Clique e assine a partir de 8,90/mês

Bolsa opera em queda no dia seguinte à aprovação da reforma na CCJ

Cenário externo instável e cautela de investidores com os próximos passos da PEC da Previdência puxam Ibovespa para baixo e dólar para cima

Por Da redação - Atualizado em 24 abr 2019, 14h41 - Publicado em 24 abr 2019, 12h14

No dia seguinte à aprovação da admissibilidade da reforma da Previdência pela Comissão de Constituição e Justiça (CCJ) da Câmara dos Deputados, a Bolsa de Valores de São Paulo opera em forte queda. Às 12h11 desta quarta-feira, 24, o Ibovespa registrava baixa de 1,33%, a 94.645 pontos. O resultado, no entanto, traduzia mais um dia ruim no mercado externo. O dólar comercial opera em alta de 1,13%, cotado a 3,967 reais. 

Na véspera, o Ibovespa fechou em alta de 1,41%, atingindo os 95.923,24 pontos na terça-feira 23. O dólar caiu 0,26% e fechou negociado a 3,92 reais.

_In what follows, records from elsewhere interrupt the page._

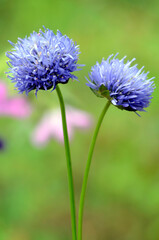 The wild sheep's-bit plant (Jasione montana) in flower with a green background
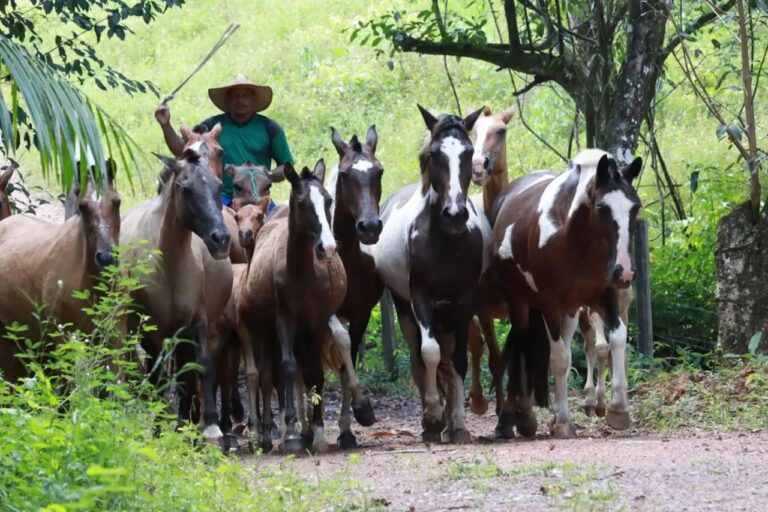 ADEPARÁ prorroga prazo para atualizar cadastro de animais de produção no Estado
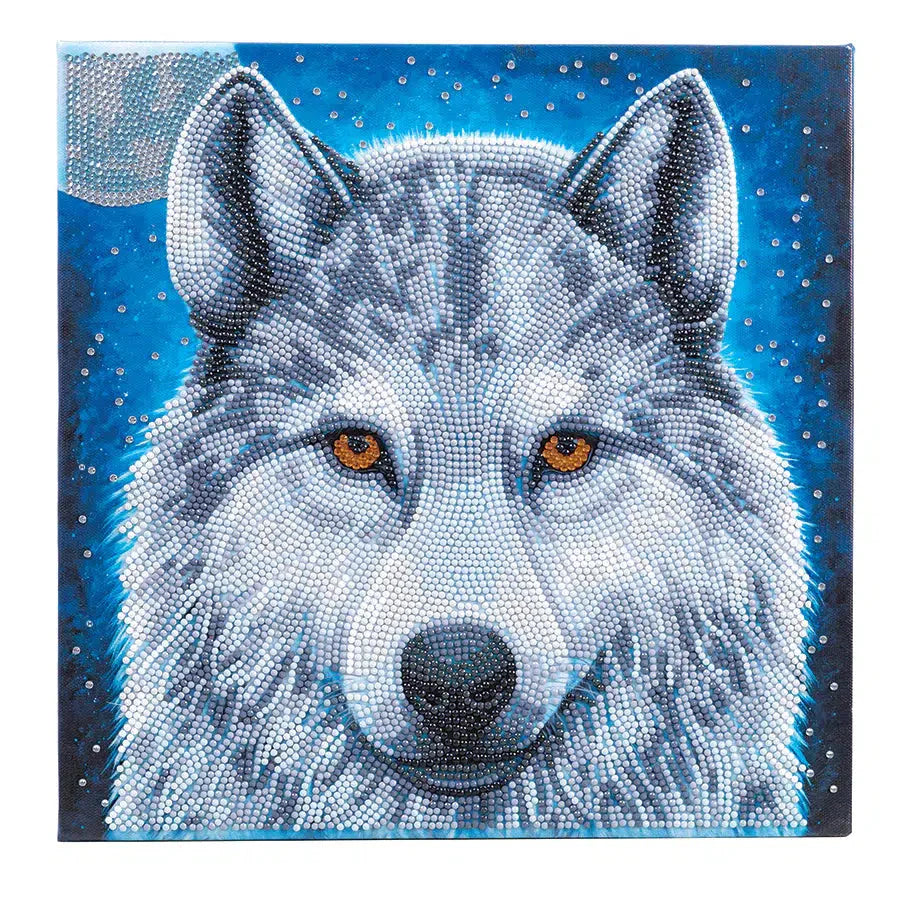 Midnight Wolf Crystal Art framed canvas diamond art piece featuring wolf with moon and blue starry background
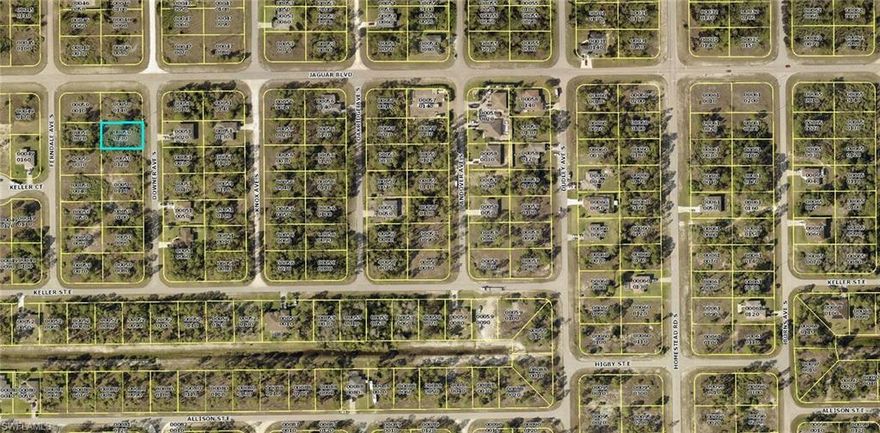 LOT IN THE SE AREA OF LEHIGH, JUST OFF JAGUAR BLVD, COME AND BUILD YOUR HOME HERE, NOW IS THE TIME, THE MARKET IS MOVING, ACT PRONTO!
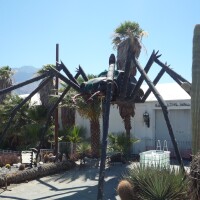 A large spider sculpture, with the body of the spider replaced with a full-sized Volkswagen Beetle, towers over a walkway leading up to a building with a sign that reads, "Hole in the Wall" over the door. 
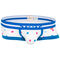 Dot Pt Super NANO,blue, swatch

Em parte, a queda nesta quarta pode ser explicada pelo cenário externo. O dólar abriu o dia em ritmo forte ante as moedas de todo o mundo, inclusive o real, após resultados positivos de vendas de imóveis nos Estados Unidos. Para além disso, notícias sobre impasses significativos nas negociações entre os partidos trabalhista e conservador no Reino Unido jogam mais desconfiança em cima de uma solução para o Brexit, desanimando investidores, explica o diretor da corretora Mirae Asset, Pablo Spyer.

Cautela sobre a reforma

No cenário interno, apesar do largo placar para a aprovação do parecer da reforma da CCJ (48 a 18), investidores mostram cautela quanto à tramitação a partir daqui. O texto segue para a comissão especial onde pode sofrer diversas alterações. “Os percalços pelos quais o governo passou para votar o texto favorável à PEC indicam as dificuldades que o Planalto terá em aprovar a reforma na comissão especial a partir das próximas semanas”, analisou a XP Investimentos. 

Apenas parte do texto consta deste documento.